Gerald Bennett

Gerald and Kit
Gerald (right) and Kit

Gerald and I met in 1980 as I was following the students from one of Walter Baer’s music classes. He told me later that he was so impressed with this particular group that he decided to share a commission he had from the Electroacoustic Music Studio in Bourges, France with them and write a collective piece. And since I was already part of this class he asked if I would like to come along too - which of course I would, very much! We all went twice to Bourges during 1981, once to get the feel of the studio and to gather ideas and then again to realise them. The first piece I wrote was Piece of 4, which, although it interested Gerald, he found unsuitable for the concept which was to tear the various pieces of each of the group members apart and then stitch them together again in a single collage. So my second piece was Krähenalles, a work for flute (later played by a clarinet) and tape based on a poem of the same name by our nephew Renaud Racine. The final piece was assembled and very successfully performed after our return to NZ.
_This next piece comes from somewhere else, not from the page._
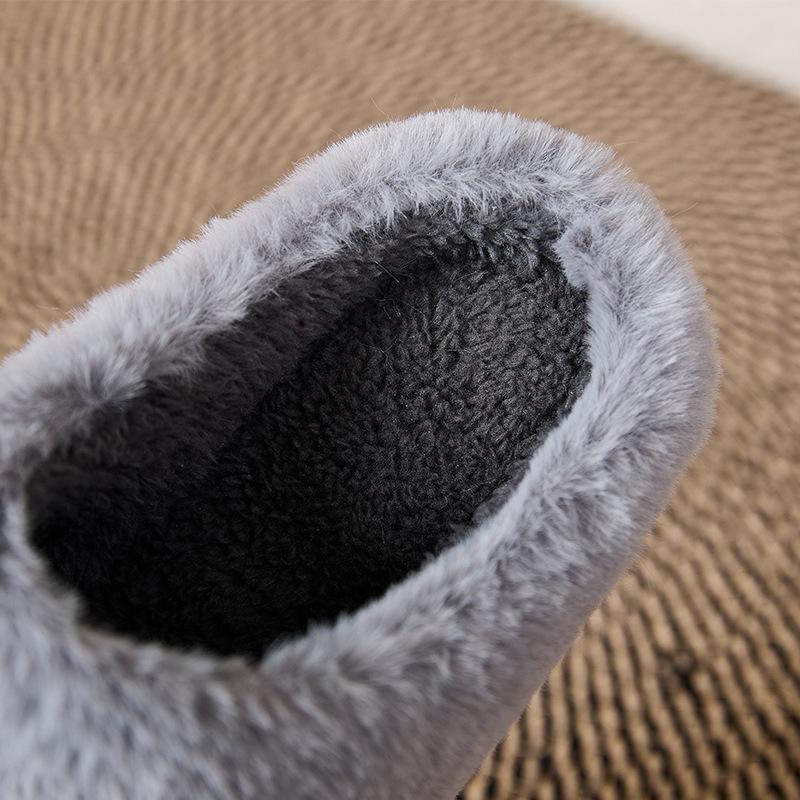 Soft Flannel Flu Plaid House Slippers Men Comfortable Memory Foam Cushion Warm Living Room Shoes Slip-On Winter Indoor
By the time we had returned to Switzerland in 1984 Gerald (together with Bruno Spoerri) had founded the Computer Music Centre in Oetwil am See which offered courses and organised concerts in this new form of electroacoustic music. I attended a number of courses here, each time composing a new piece. The first was Nelson Songs (Harlow texts - Michael was actually here and visited the Centre where his voice was recorded for the second song). Then followed Chinese Songs (performed several times by Franziska Staehelin, soprano and singing teacher colleague from the department of Musikalische Früherziehung Early Music-Education).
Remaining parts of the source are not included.